Necessarily swift and adumbrative as well as inclusive, focused, and graceful.

A light-speed tour of (mostly) Western poetry, from the 4,000-year-old Gilgamesh to the work of Australian poet Les Murray, who died in 2019.

In the latest entry in the publisher’s Little Histories series, Carey, an emeritus professor at Oxford whose books include What Good Are the Arts? and The Unexpected Professor: An Oxford Life in Books, offers a quick definition of poetry—“relates to language as music relates to noise. It is language made special”—before diving in to poetry’s vast history. In most chapters, the author deals with only a few writers, but as the narrative progresses, he finds himself forced to deal with far more than a handful. In his chapter on 20th-century political poets, for example, he talks about 14 writers in seven pages. Carey displays a determination to inform us about who the best poets were—and what their best poems were.

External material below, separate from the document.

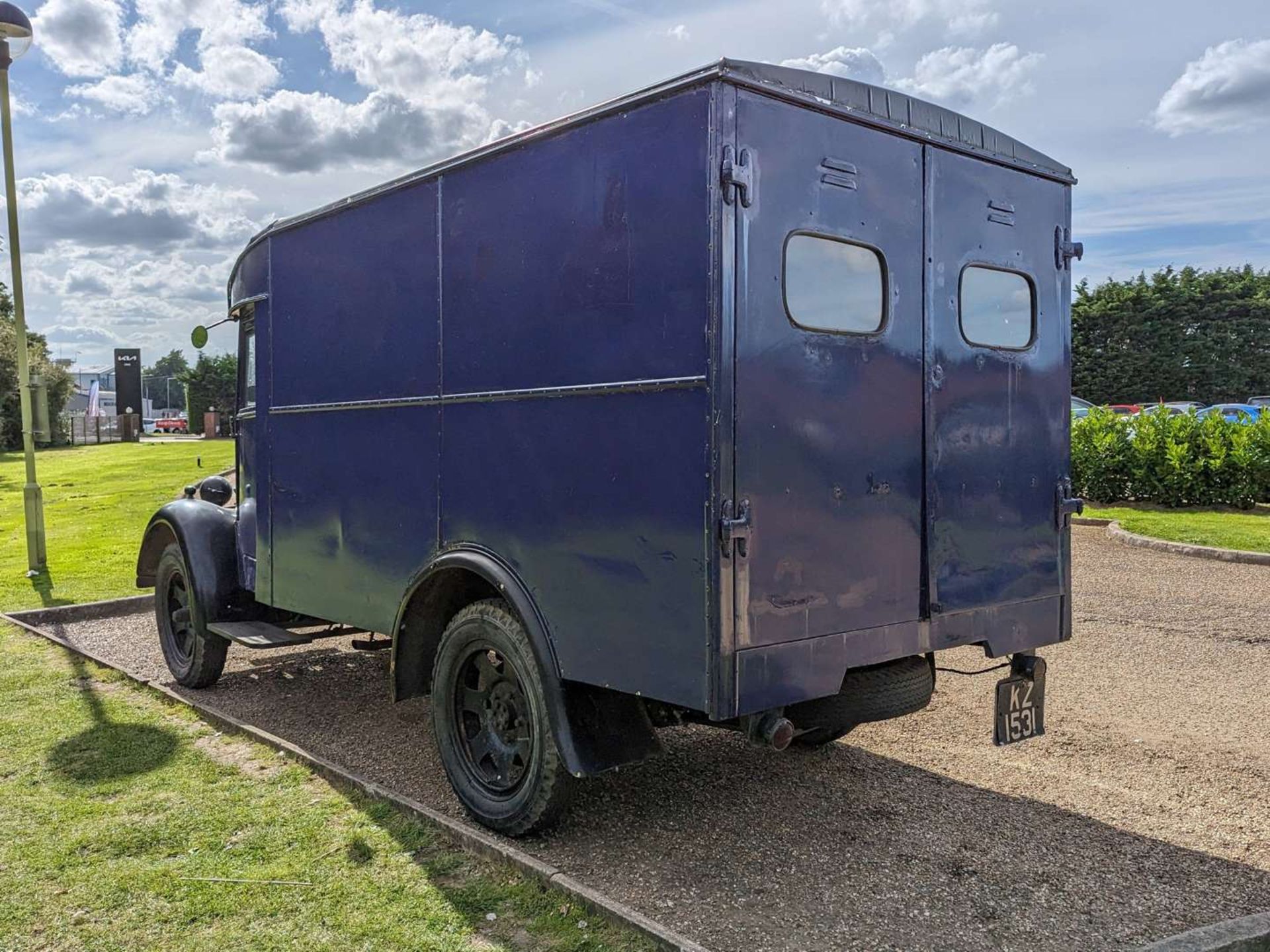 1948 MORRIS COMMERCIAL VAN - Image 5 of 30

The word “greatest” appears continually; Chaucer was “the greatest medieval English poet,” and Langston Hughes was “the greatest male poet” of the Harlem Renaissance. For readers who need a refresher—or suggestions for the nightstand—Carey provides the best-known names and the most celebrated poems, including Paradise Lost (about which the author has written extensively), “Kubla Khan,” “Ozymandias,” “The Charge of the Light Brigade,” Wordsworth and Coleridge’s Lyrical Ballads, which “changed the course of English poetry.” Carey explains some poetic technique (Hopkins’ “sprung rhythm”) and pauses occasionally to provide autobiographical tidbits—e.g., John Masefield, who wrote the famous “Sea Fever,” “hated the sea.” We learn, as well, about the sexuality of some poets (Auden was bisexual), and, especially later on, Carey discusses the demons that drove some of them, Robert Lowell and Sylvia Plath among them. Refreshingly, he includes many women in the volume—all the way back to Sappho—and has especially kind words for Marianne Moore and Elizabeth Bishop, who share a chapter.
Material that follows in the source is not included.